My unit has 2 -4 inch vents, each with it's own damper. I can smoke in the main chamber at 230* and with the 1/4 plate (acts as a heat sink) removed and the vents opened in the warming box, I can get the warming box temps into the 300's. Great for doing bean or baking biscuits.


----------



## deepwoodsdeacon (Nov 5, 2009)

Roksmith, Cman95 and Dutch.. thanks a million for the info that's just the stuff to get me all fired up for the weekend build. Wow Dutch, that new Lang shore is purty. I'm fairy certain I have plenty of FB to feed both main and warming box (22x224x24). Maybe I'll put the warming box up (as usual) but off to the side, so I can still use a 18" CI skillet or Dutch oven. Any thoughts? 
Thanks again,
DWD


----------



## scpatterson (Nov 5, 2009)

Heres some pictures of the inside of mine. I cook all my beans in mine and even put my ribs in there sometimes once I foild them. I have done several pies in it as well.
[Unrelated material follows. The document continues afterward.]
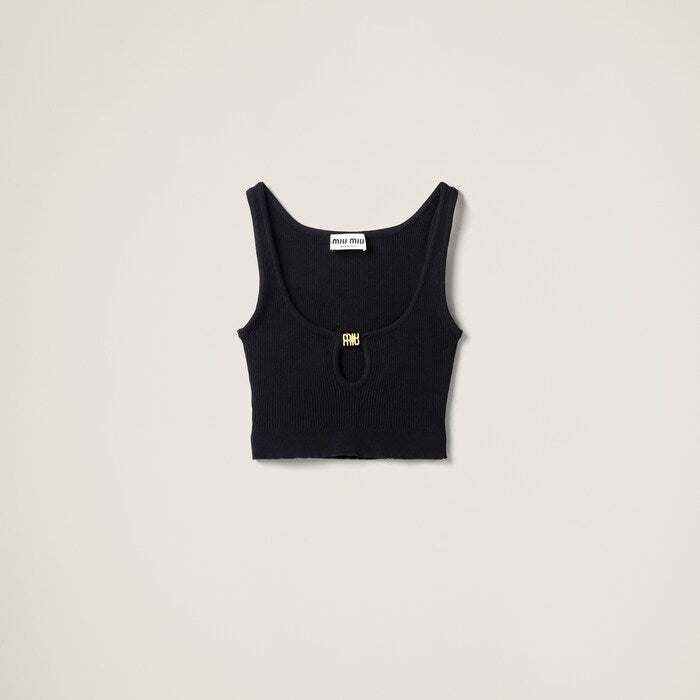 Miu Miu - Top en Viscose Noir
It does run a little cooler than the inside of the cooker but only a fe degrees...Hope this helps


----------



## dforbes (Nov 5, 2009)

what is the theory of the air dampers in the top of the warmer box.
thanks in advance
Dennis


----------



## scpatterson (Nov 6, 2009)

Thats exhaust vents to draw from the ain chamber. there is a pipe at the bottom that flows into the main chamber with an adjustable baffle in between........


----------



## kpardue24 (Nov 9, 2016)

Scpatterson. Can you send me a couple photos of your smoker, how you connected it to what looks like a trailer, and explain where you put the RF plate".


----------



## ron petersen (Jul 18, 2017)

Anyone have any photos of the setup. Photobucket is now a paying site and cannot view photos.

I am looking to add intake on bottom of my FB into the warming box so it will act like a smoker if needed. Need ideas on how the adjustable vent plates work, etc. 

And is there a size required for the stack? Minimum size?

Thank You


----------